About this exercise
Pictures excluded, reproduce exactly the lines below from the one with "a bathroom with" through the one with "A room with", both included.

Data records
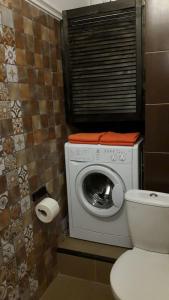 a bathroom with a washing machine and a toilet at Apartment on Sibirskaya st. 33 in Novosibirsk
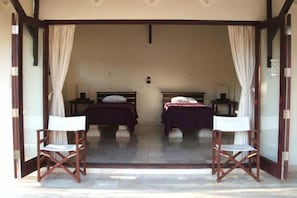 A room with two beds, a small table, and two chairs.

---

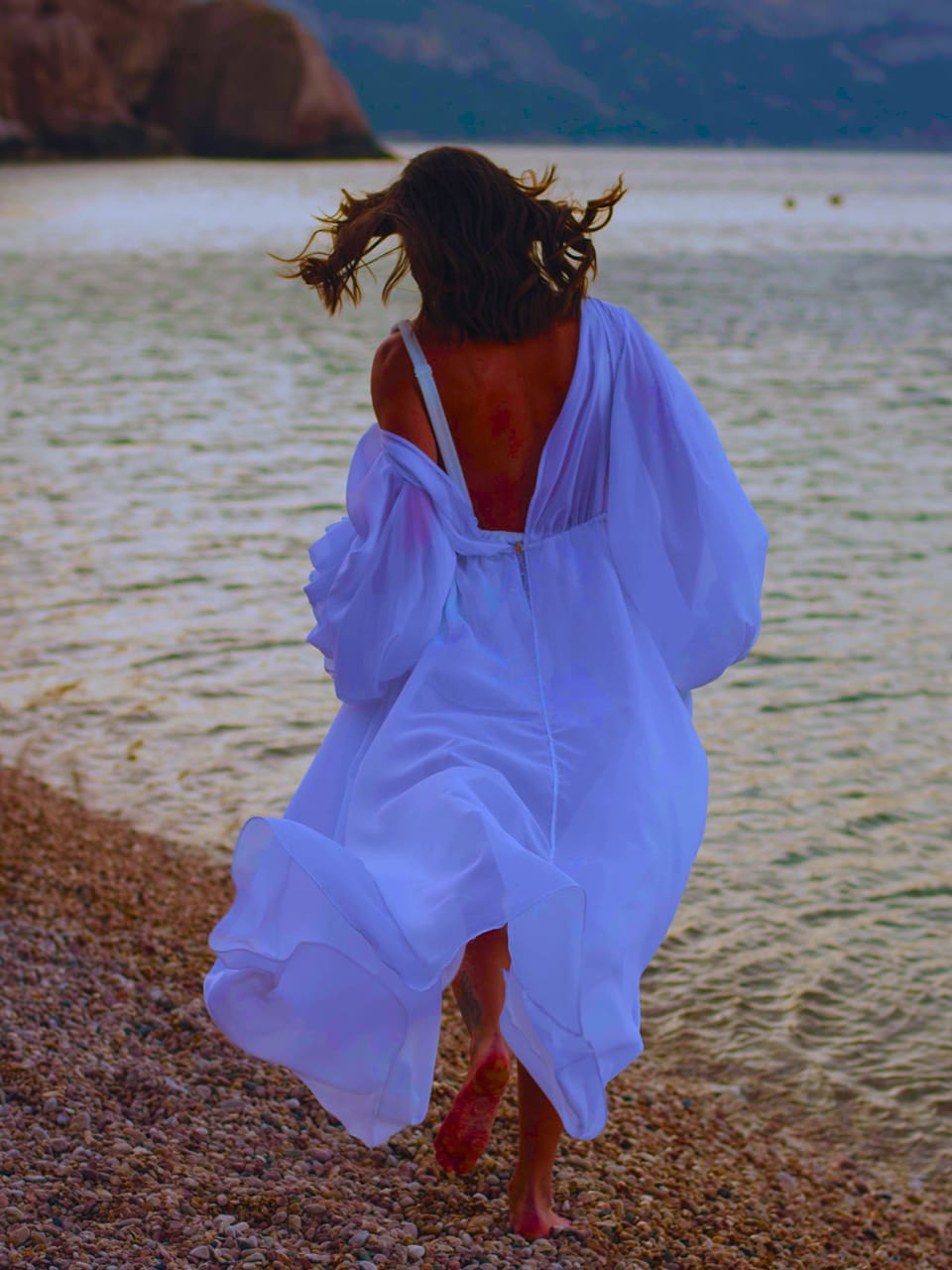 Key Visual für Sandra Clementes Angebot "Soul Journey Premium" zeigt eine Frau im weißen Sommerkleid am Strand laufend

Solution
 a bathroom with a washing machine and a toilet at Apartment on Sibirskaya st. 33 in Novosibirsk
 A room with two beds, a small table, and two chairs.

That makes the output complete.